Every line from the one with "When to visit lavender fields in provence" through the final line of the data below goes in the answer, copied exactly. Pictures do not.

Dataset items:
──────────
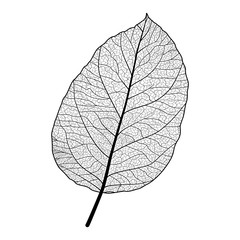 Leaf isolated. Vector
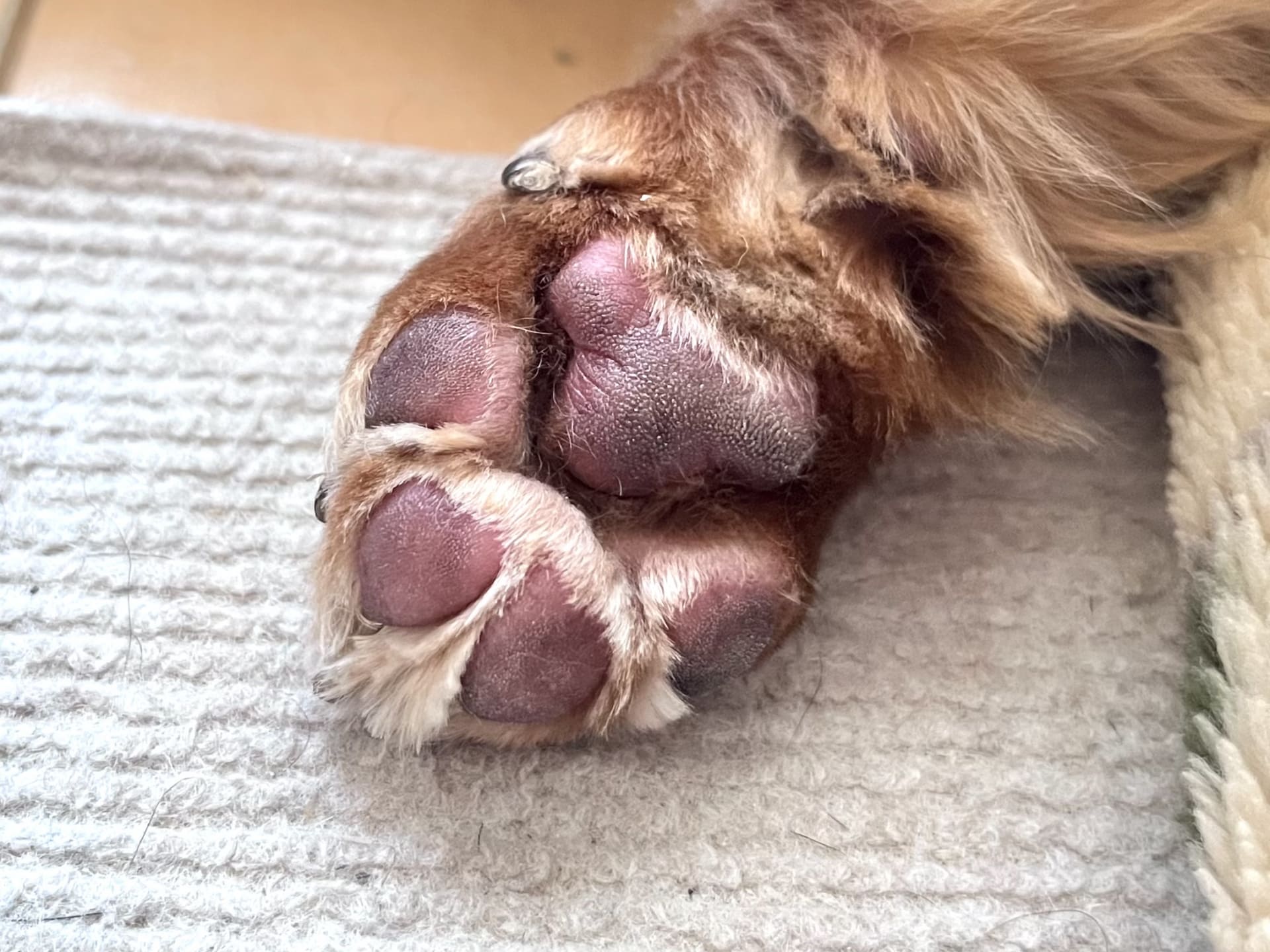 How to give your dog a haircut at home and how to keep him calm while you cut him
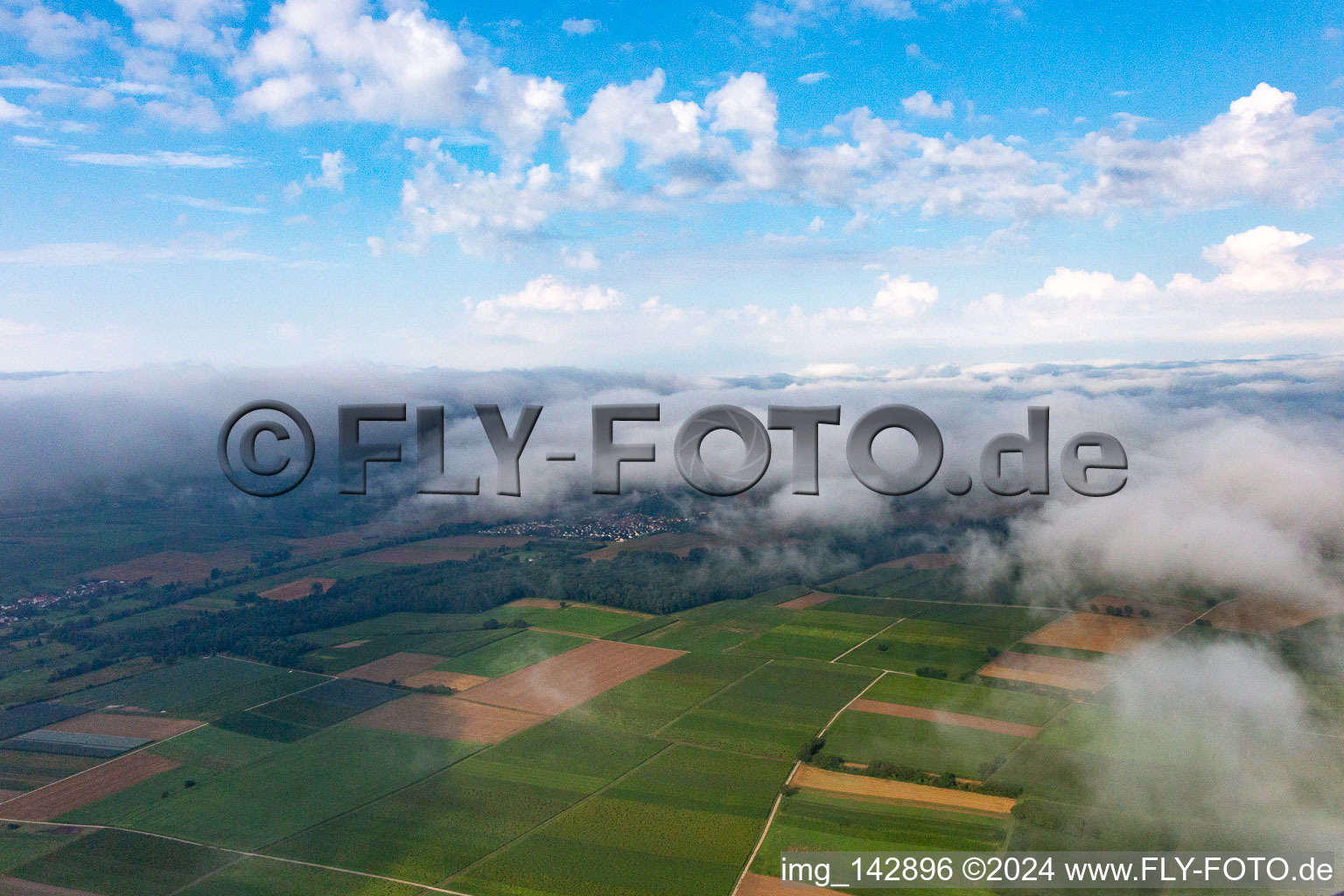 Under low clouds in Barbelroth in the state Rhineland-Palatinate, Germany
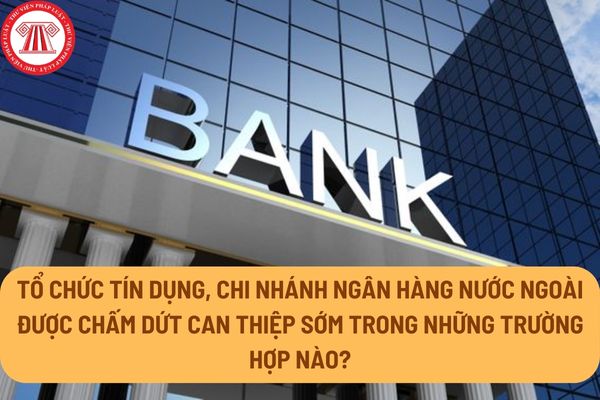 Tổ chức tín dụng, chi nhánh ngân hàng nước ngoài được chấm dứt can thiệp sớm trong những trường hợp nào?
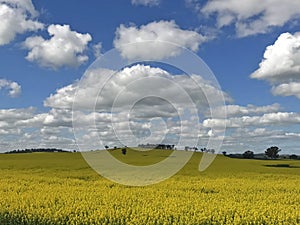 Beautiful view of yellow canola fields on spring at Cowra nsw.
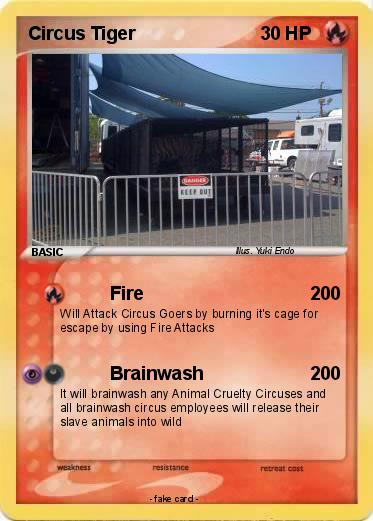 Pokemon Circus Tiger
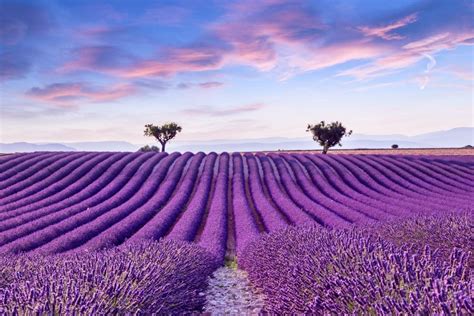 When to visit lavender fields in provence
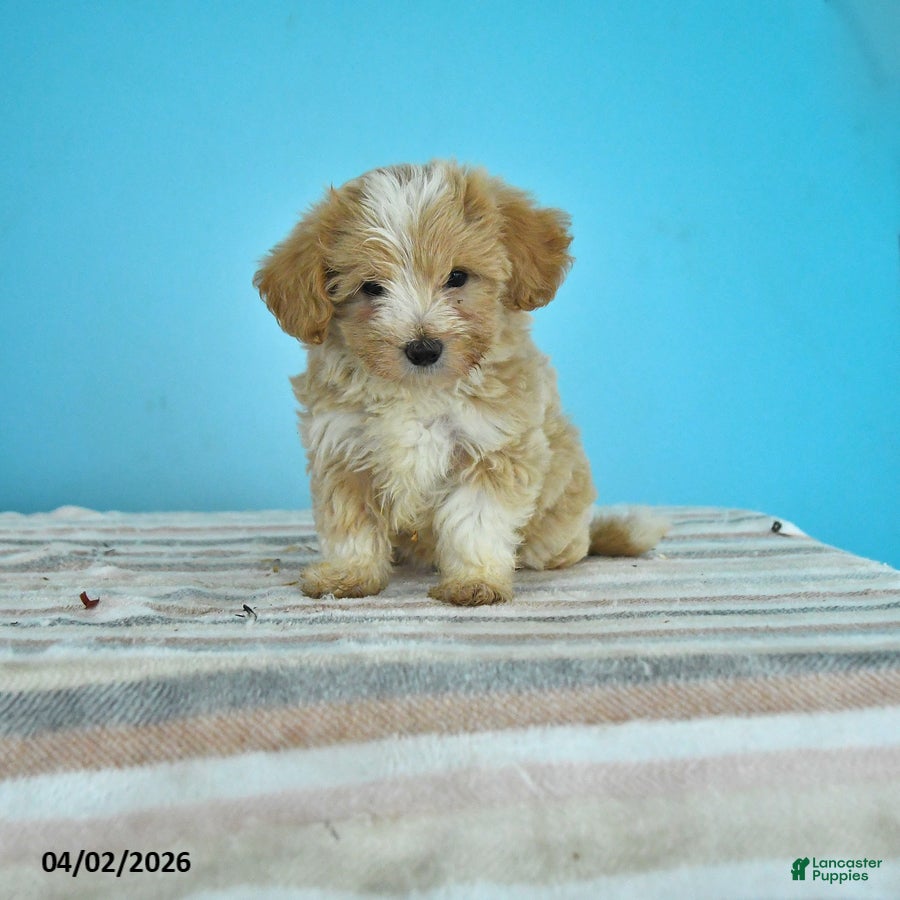Maltipoo dogs Lacey - Ad 1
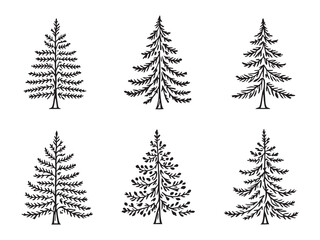 Fir Tree Line Art Illustration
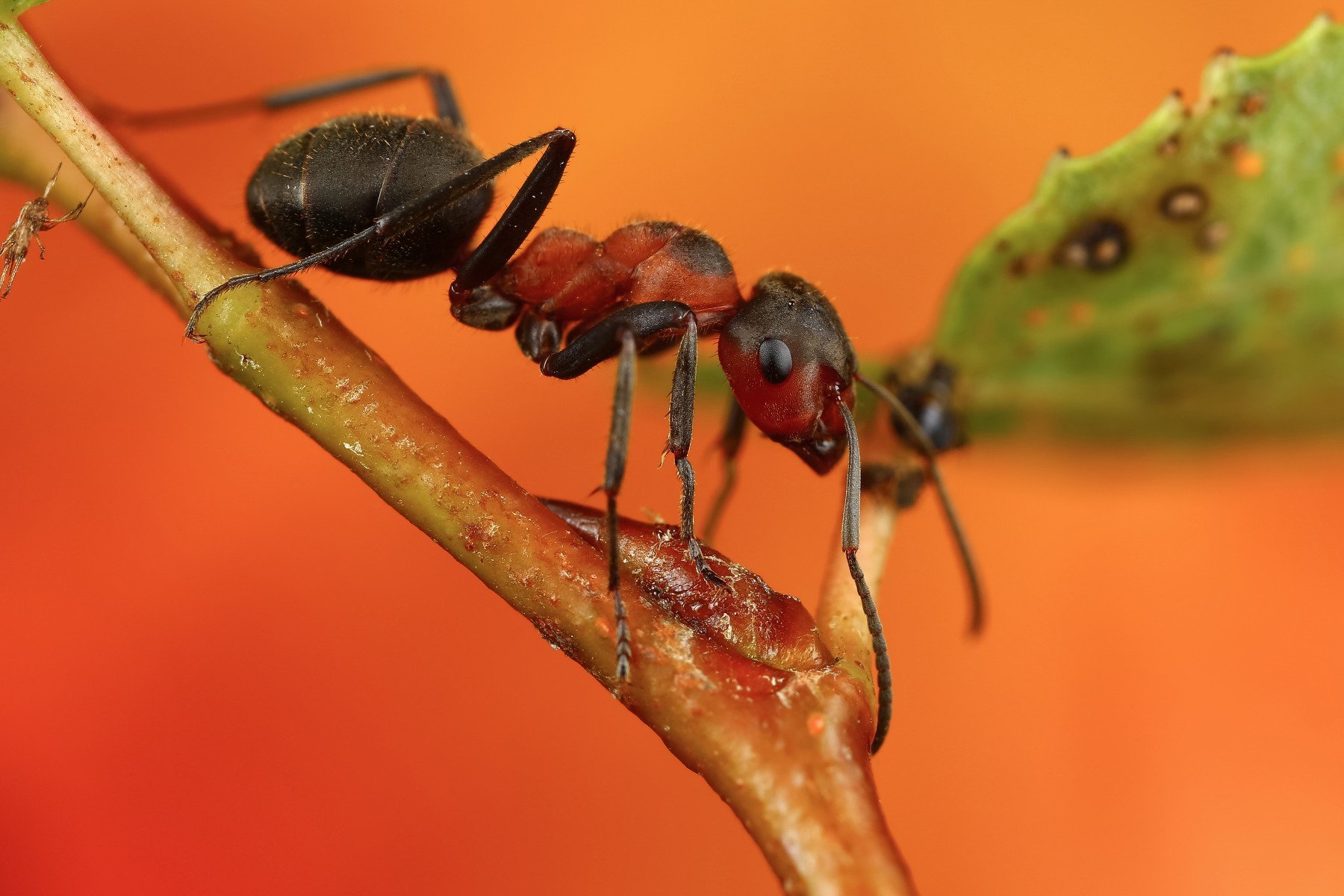 Муравей фото. Рыжий Лесной муравей систематика. Волосистый Лесной муравей. Рыжий Лесной муравей (лат. Formica Rufa). Красный Лесной муравей.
──────────
- ANSWER SECTION -
 When to visit lavender fields in provence
Maltipoo dogs Lacey - Ad 1
 Fir Tree Line Art Illustration
 Муравей фото. Рыжий Лесной муравей систематика. Волосистый Лесной муравей. Рыжий Лесной муравей (лат. Formica Rufa). Красный Лесной муравей.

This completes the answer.